EXTRACTED INFORMATION:
···
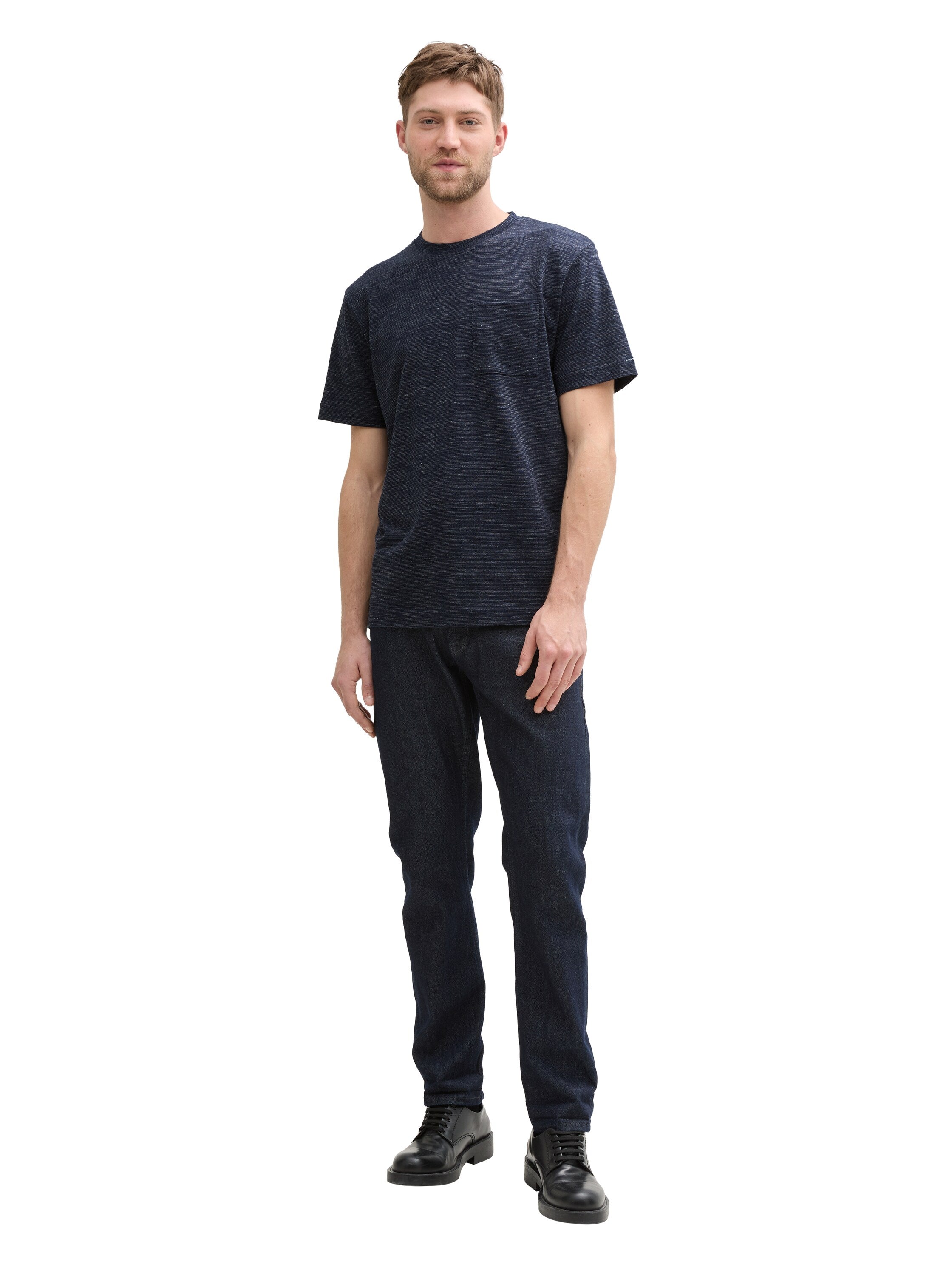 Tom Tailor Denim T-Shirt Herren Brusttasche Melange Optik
···
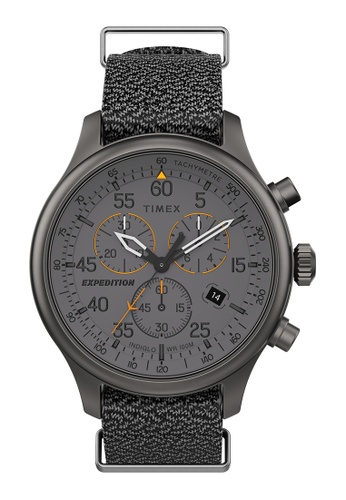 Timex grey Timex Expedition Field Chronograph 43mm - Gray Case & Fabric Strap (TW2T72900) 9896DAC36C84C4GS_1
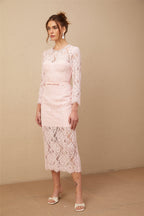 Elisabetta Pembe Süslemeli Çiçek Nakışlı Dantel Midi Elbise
···
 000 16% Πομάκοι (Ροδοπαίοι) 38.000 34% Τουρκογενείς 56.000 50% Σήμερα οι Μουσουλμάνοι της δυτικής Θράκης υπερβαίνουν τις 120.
···
WHAT IS NEEDED: Take only the lines above from the one that has "Timex grey Timex" through the one that has "Elisabetta Pembe Süslemeli" and reproduce them exactly, omitting any pictures.

ANSWER TO THE PROBLEM:
 Timex grey Timex Expedition Field Chronograph 43mm - Gray Case & Fabric Strap (TW2T72900) 9896DAC36C84C4GS_1
 Elisabetta Pembe Süslemeli Çiçek Nakışlı Dantel Midi Elbise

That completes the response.